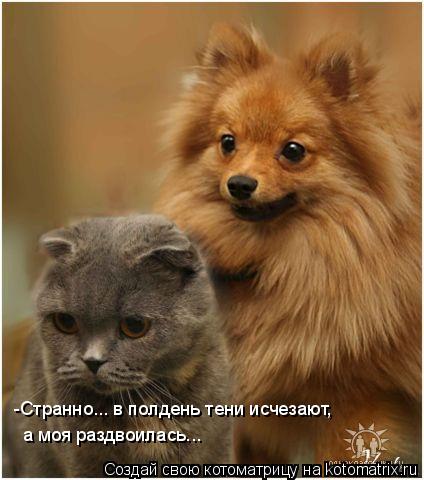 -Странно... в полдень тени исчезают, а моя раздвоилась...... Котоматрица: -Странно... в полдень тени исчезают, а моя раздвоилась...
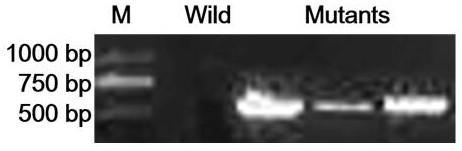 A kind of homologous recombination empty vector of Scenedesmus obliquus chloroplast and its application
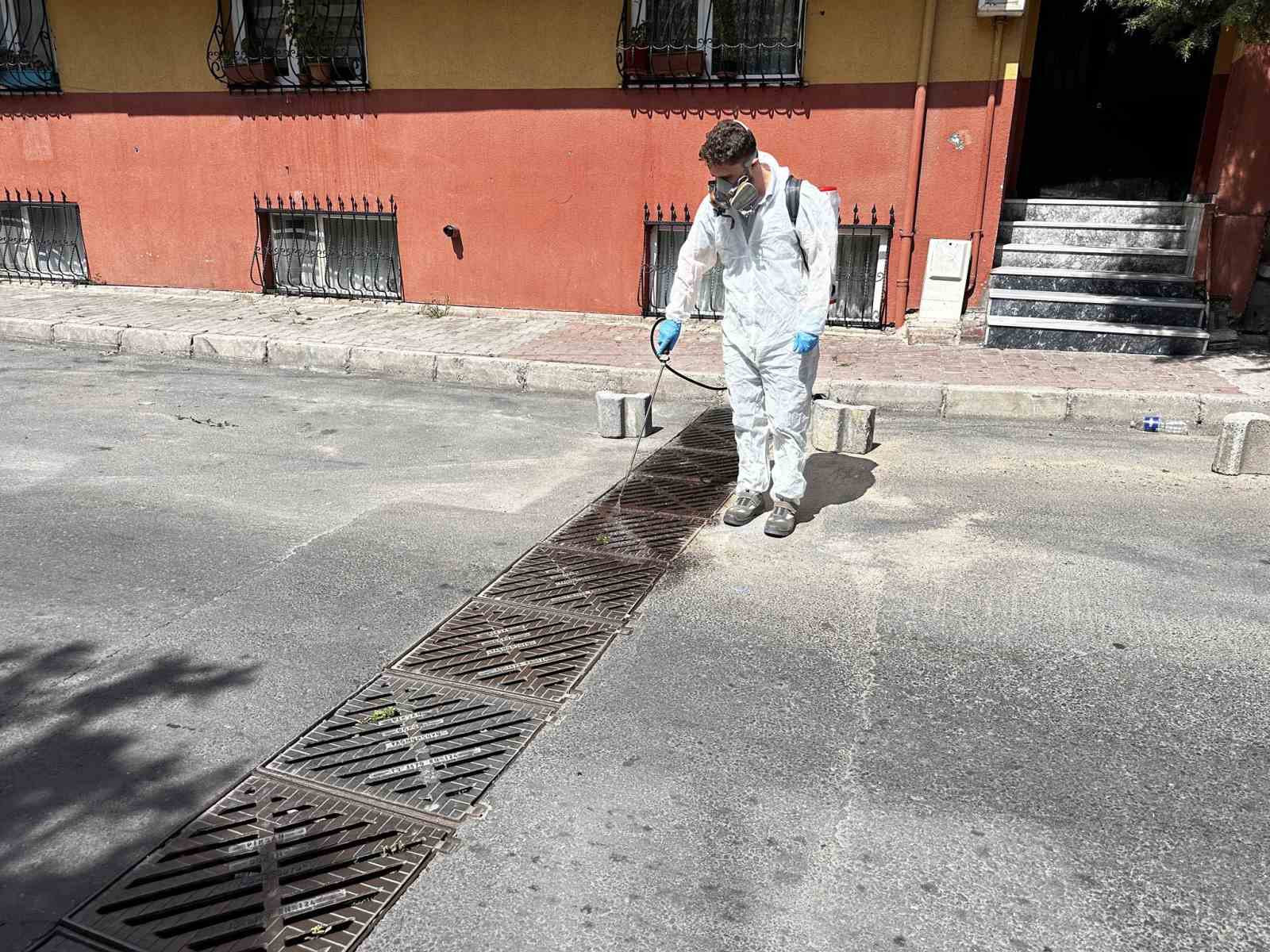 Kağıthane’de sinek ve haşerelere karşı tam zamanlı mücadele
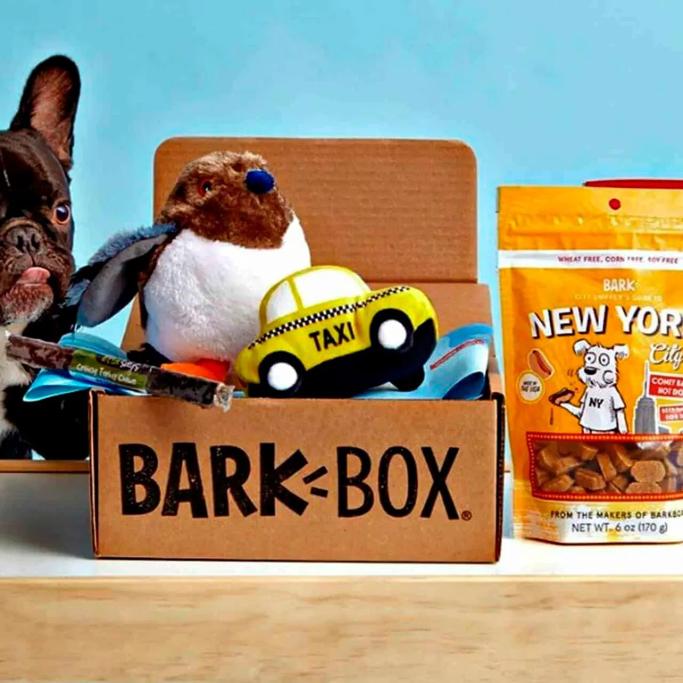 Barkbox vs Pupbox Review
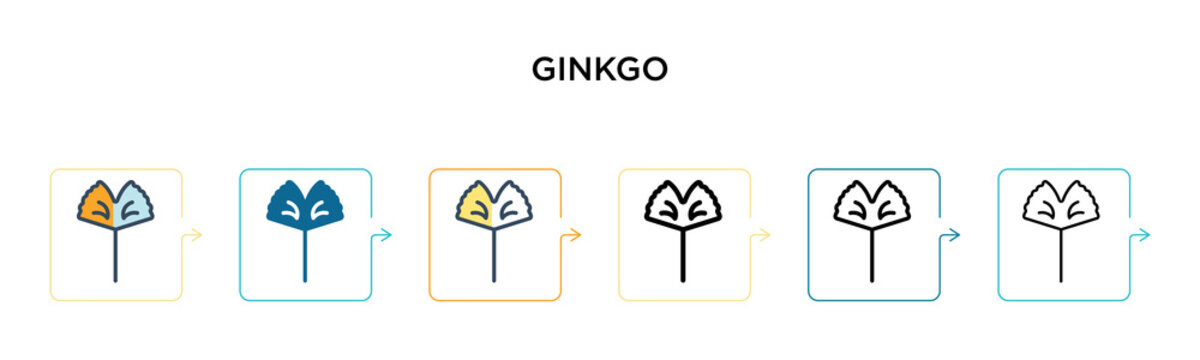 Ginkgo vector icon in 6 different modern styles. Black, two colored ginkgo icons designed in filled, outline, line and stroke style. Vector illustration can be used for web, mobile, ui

**Problem statement**. Pictures are to be left out; the records above must be repeated word for word.

**Solved problem**.
 -Странно... в полдень тени исчезают, а моя раздвоилась...... Котоматрица: -Странно... в полдень тени исчезают, а моя раздвоилась...
 A kind of homologous recombination empty vector of Scenedesmus obliquus chloroplast and its application
 Kağıthane’de sinek ve haşerelere karşı tam zamanlı mücadele
 Barkbox vs Pupbox Review
 Ginkgo vector icon in 6 different modern styles. Black, two colored ginkgo icons designed in filled, outline, line and stroke style. Vector illustration can be used for web, mobile, ui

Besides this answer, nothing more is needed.